As crowds of people watched rescuers tear apart a collapsed northern Ontario mall in the search for survivors, a deadly substance may have risen from the dust stirred up by the demolition.
Asbestos-laced materials used in the construction of the Algo Centre Mall in Elliot Lake, Ont. could have been dispersed through the air after a parking deck crashed through the building and killed two women on June 23.
A 2005 report obtained by Global News details an environmental assessment done six years before. It showed that asbestos-containing materials were found in parging cement and ceiling tiles of the mall. Parging cement is typically used to waterproof outer walls.

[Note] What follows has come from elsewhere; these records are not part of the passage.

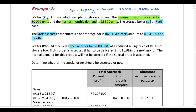The selling price is R165 per unit, with a variable cost per unit of R68, and fixed costs of R304,000 per month. They've received a special order for 6,000 units at a reduced selling price of R100 per unit. If the order is accepted it must be delivered in full within the next month, and normal demand will not be affected — normal demand remains 25,500 units. We need to determine whether the special order should be accepted.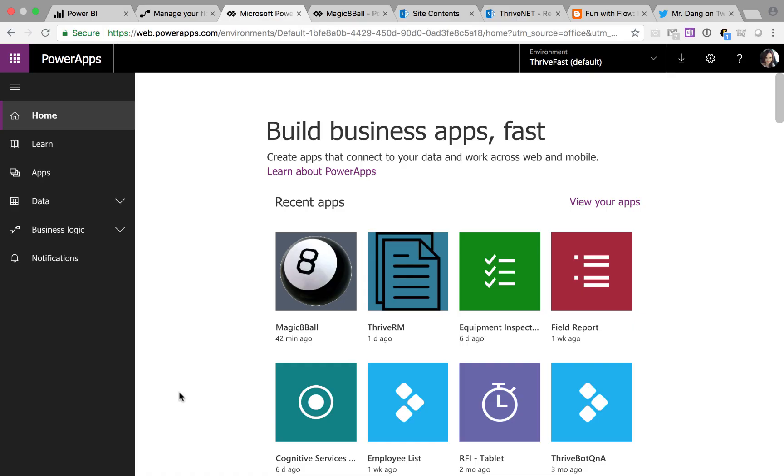Hey Power Apps and Flow fans, April Lennam here. Today I want to show you a fun Power App that I created. It's the Magic 8 Ball App.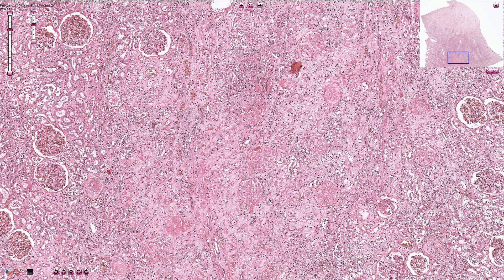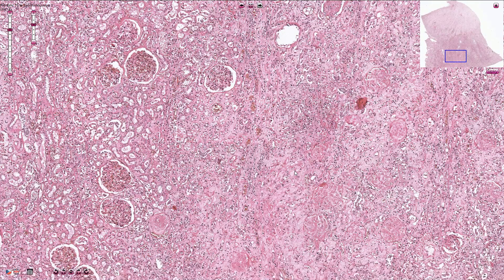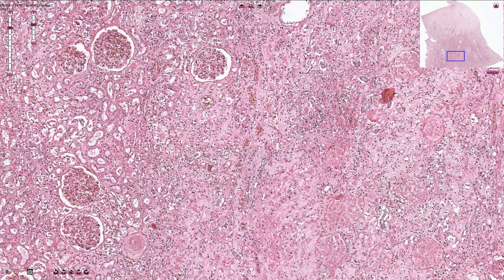Here we have the border between the viable parenchyma on the left side and the necrotic ischemic parenchyma in the center. We can compare these normal viable glomeruli and renal tubules with these sclerotic ischemic shadow-like glomeruli and completely degenerated renal tubules.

The consultants also suspected the roof drain lines and vinyl floor tiles contained asbestos. The exact locations of the dangerous materials were not identified in the report.

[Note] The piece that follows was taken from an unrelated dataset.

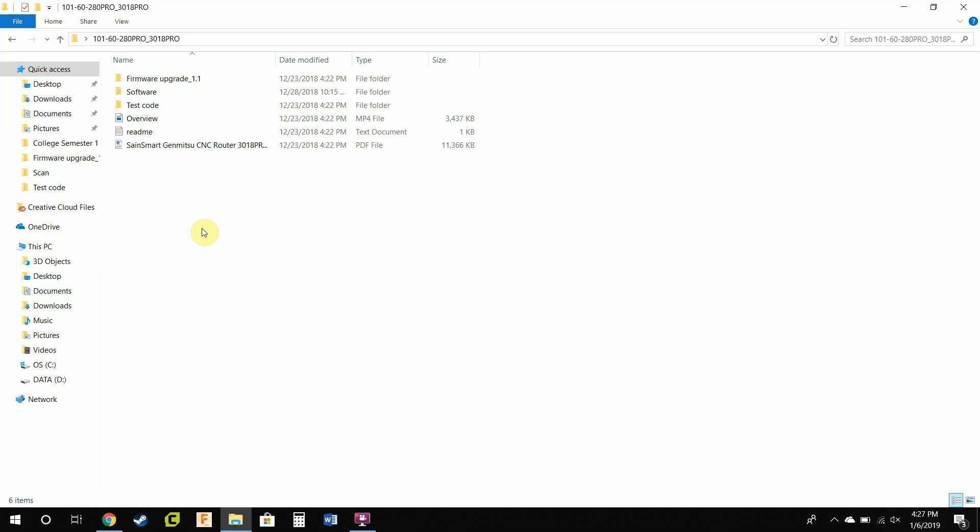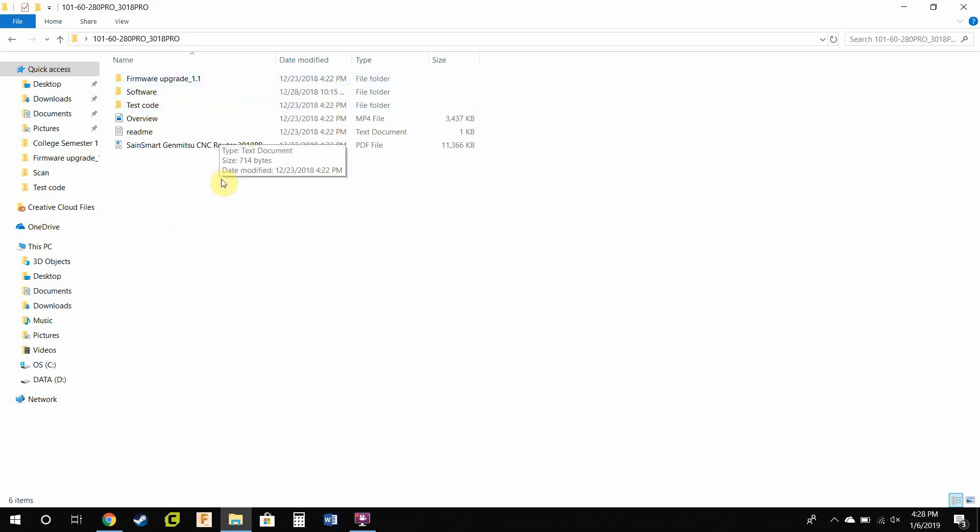Hello, today we're updating the firmware for the SaneSmart Genmitsu 3018 Pro CNC machine. However, this will work for any of the gerbil-based CNC machines, especially any of the SaneSmart ones. I'm going to be upgrading to the 1.1 edition.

The 2005 report was done by Trow Associates Inc. in Sudbury, Ont. for Sobey’s, a tenant of the mall. It was given to the grocer and to NorDev, a branch of Elliot Lake Retirement Living, the former mall owner.
Trow advises the asbestos materials “do not pose a risk” as long as they are in use and in good condition.
But their report suggests the risk level from asbestos increased when the parking deck fell on June 23 and rescuers moved in with heavy equipment to demolish the rubble in order to free people trapped below.
“Once asbestos-containing materials are disturbed, asbestos fibres may be airborne and pose health concerns,” the report read.
David Jenkins was in the mall when the parking deck collapsed. As he struggled to escape, Jenkins said he breathed in plumes of dust that left a gritty taste on his tongue.
“I was very scared, I felt like a shortness of breath and just very heavy, my lungs were heavy. I did breathe in a lot of dust,” he said.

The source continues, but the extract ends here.